WHAT THE TASK REQUIRES → Each entry that follows should be given again word for word; please leave out its pictures.

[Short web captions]
╭──
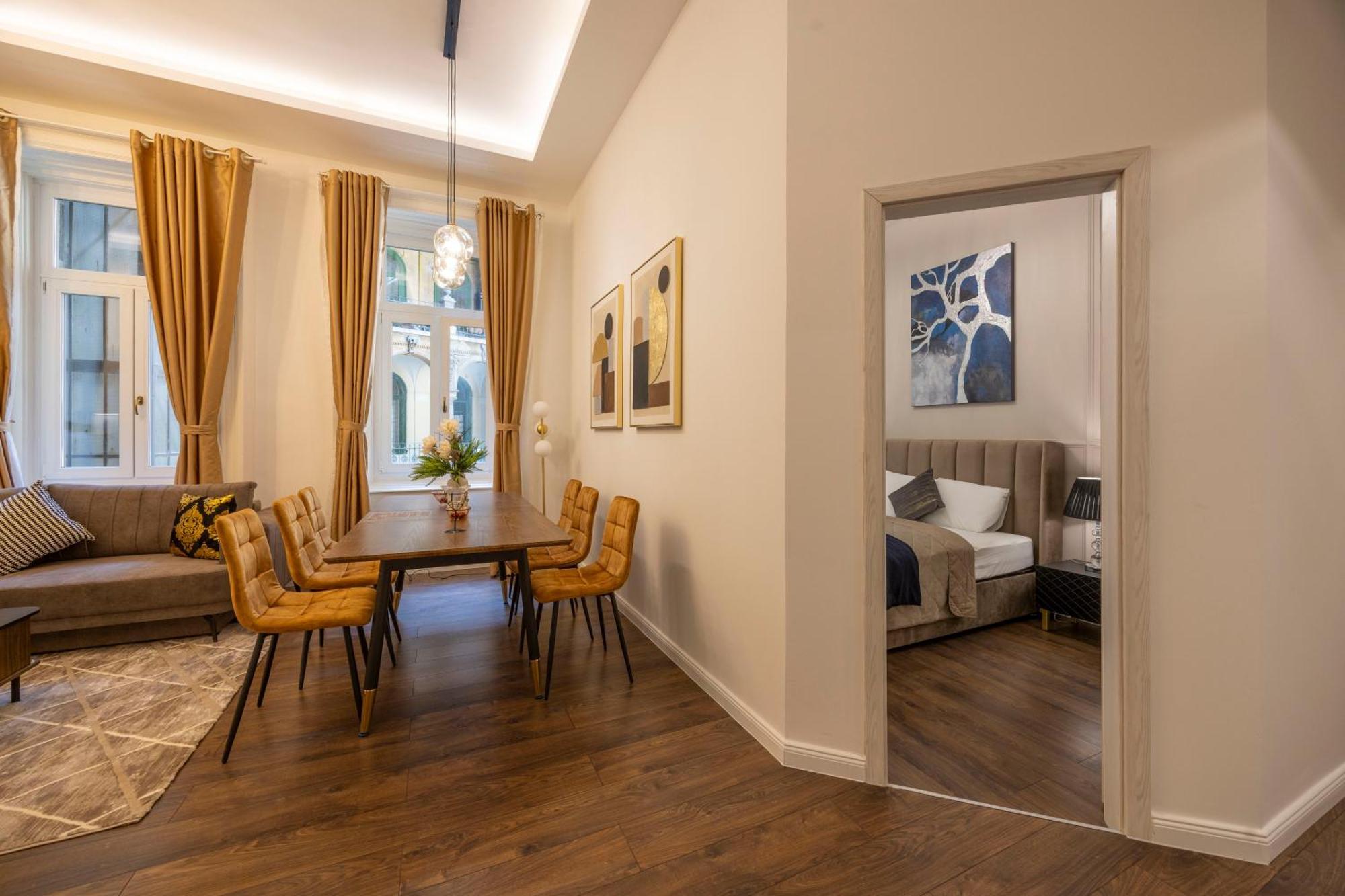 Exclusive Downtown Quentin Residence By Prestige Homes Budapest Luaran gambar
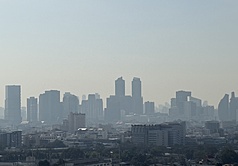 泰國曼谷市區PM2.5濃度達到紅色警戒級別，建築物被霧霾籠罩，呈現一片灰濛濛。
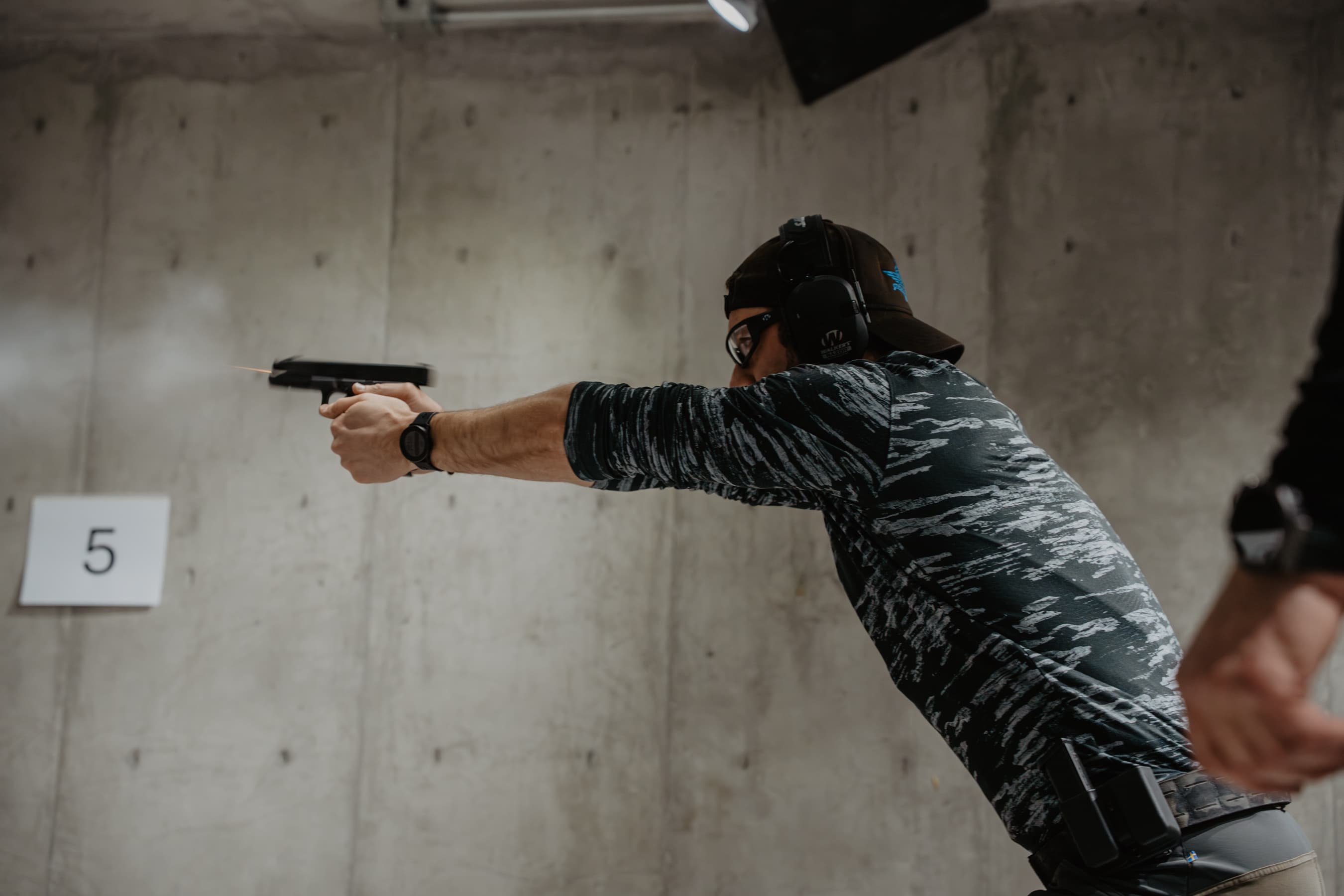 Foundations: Pistol & Barricade training - students learning pistol fundamentals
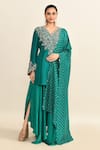 Shop_Mrunalini Rao_Green Embroidered Floral Veil Scallop V Kurta Palazzo Set _Online_at_Aza_Fashions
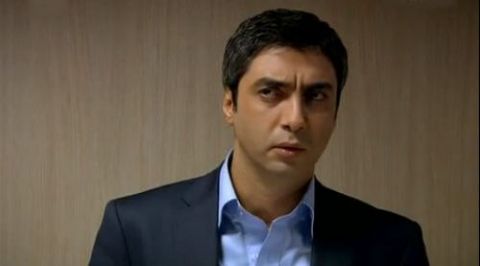 Bir yolda gidiyoruz, bu yolda dönenler de olacak ölenlerde...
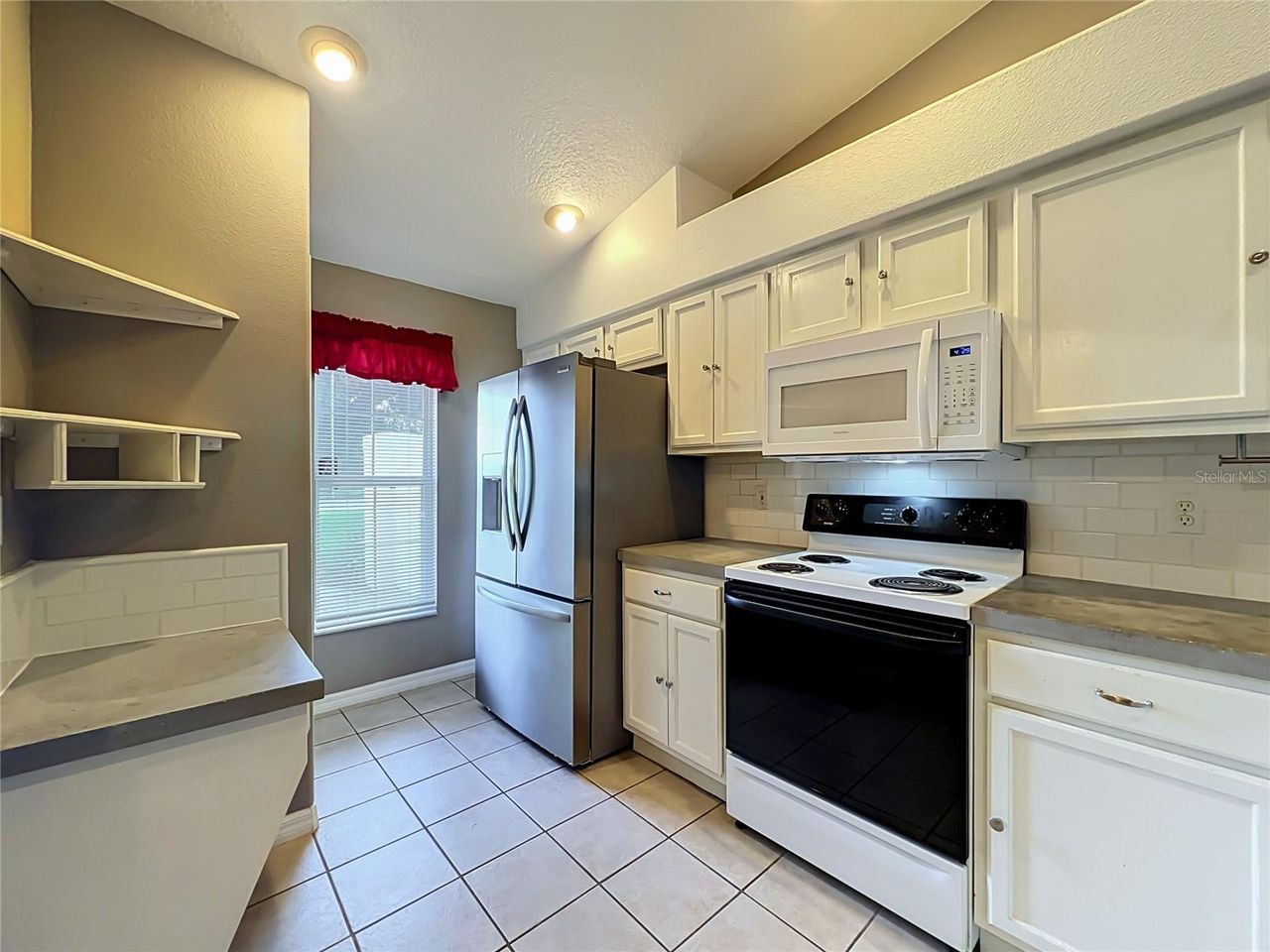 8805 COURTYARD LANE — photo 69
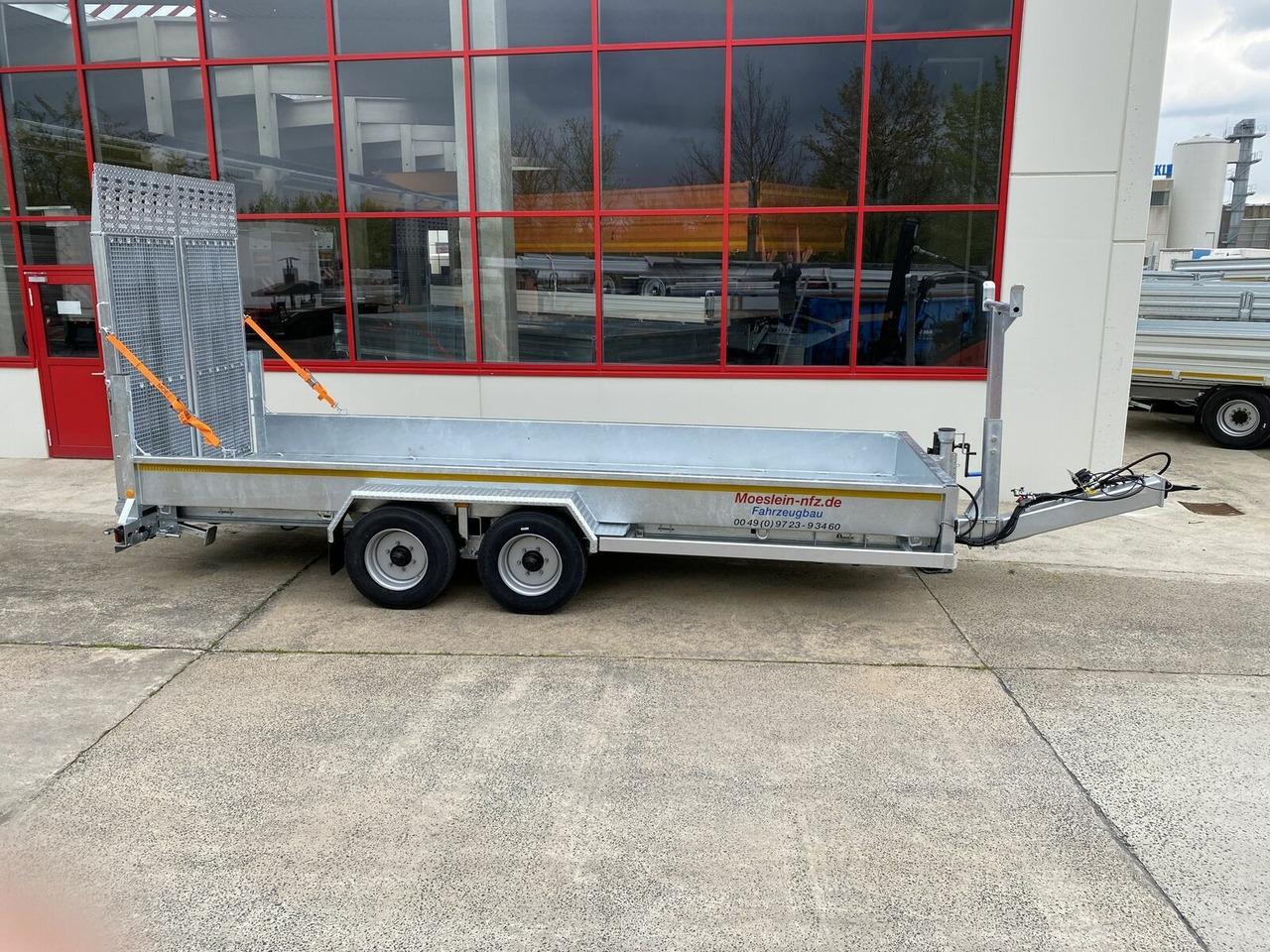 Möslein Tieflader für Fräsen breiten hydraulischen Ramp - Low loader trailer: picture 1 Möslein Tieflader für Fräsen breiten hydraulischen Ramp - Low loader trailer: picture 1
╰──
SOLUTION TO THE EXERCISE →
 Exclusive Downtown Quentin Residence By Prestige Homes Budapest Luaran gambar
 泰國曼谷市區PM2.5濃度達到紅色警戒級別，建築物被霧霾籠罩，呈現一片灰濛濛。
 Foundations: Pistol & Barricade training - students learning pistol fundamentals
 Shop_Mrunalini Rao_Green Embroidered Floral Veil Scallop V Kurta Palazzo Set _Online_at_Aza_Fashions
 Bir yolda gidiyoruz, bu yolda dönenler de olacak ölenlerde...
 8805 COURTYARD LANE — photo 69
 Möslein Tieflader für Fräsen breiten hydraulischen Ramp - Low loader trailer: picture 1 Möslein Tieflader für Fräsen breiten hydraulischen Ramp - Low loader trailer: picture 1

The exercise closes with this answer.